[Image-text web data]
....

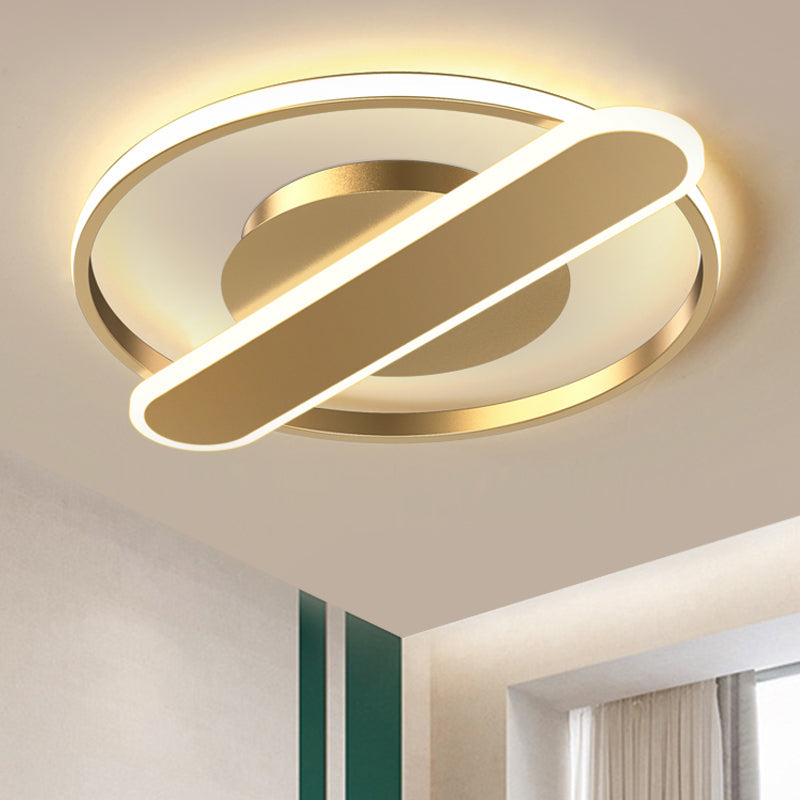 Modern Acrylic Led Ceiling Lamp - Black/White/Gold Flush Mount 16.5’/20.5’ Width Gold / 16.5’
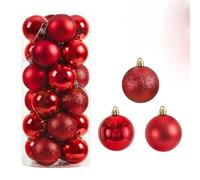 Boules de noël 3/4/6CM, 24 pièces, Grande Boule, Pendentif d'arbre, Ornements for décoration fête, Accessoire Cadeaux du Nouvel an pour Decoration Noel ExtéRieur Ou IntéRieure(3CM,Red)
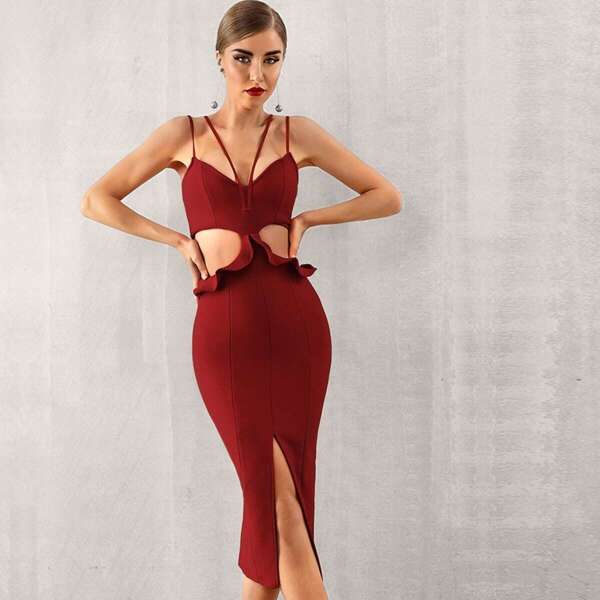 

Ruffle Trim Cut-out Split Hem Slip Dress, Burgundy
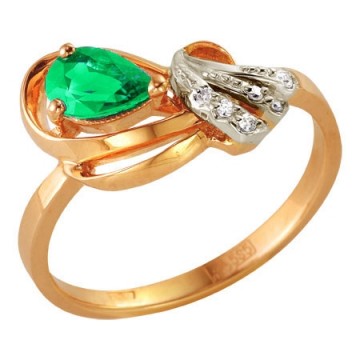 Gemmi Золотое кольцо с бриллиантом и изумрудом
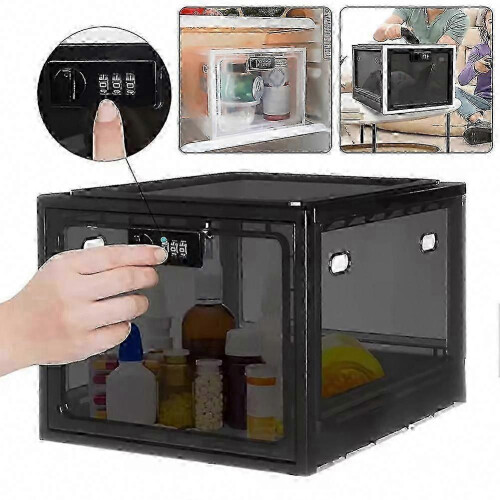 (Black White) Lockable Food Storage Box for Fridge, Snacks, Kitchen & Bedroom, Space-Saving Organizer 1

....

All the records need to be repeated exactly, with the images dropped.

• **Answer section**
 Modern Acrylic Led Ceiling Lamp - Black/White/Gold Flush Mount 16.5’/20.5’ Width Gold / 16.5’
 Boules de noël 3/4/6CM, 24 pièces, Grande Boule, Pendentif d'arbre, Ornements for décoration fête, Accessoire Cadeaux du Nouvel an pour Decoration Noel ExtéRieur Ou IntéRieure(3CM,Red)

Ruffle Trim Cut-out Split Hem Slip Dress, Burgundy
 Gemmi Золотое кольцо с бриллиантом и изумрудом
 (Black White) Lockable Food Storage Box for Fridge, Snacks, Kitchen & Bedroom, Space-Saving Organizer 1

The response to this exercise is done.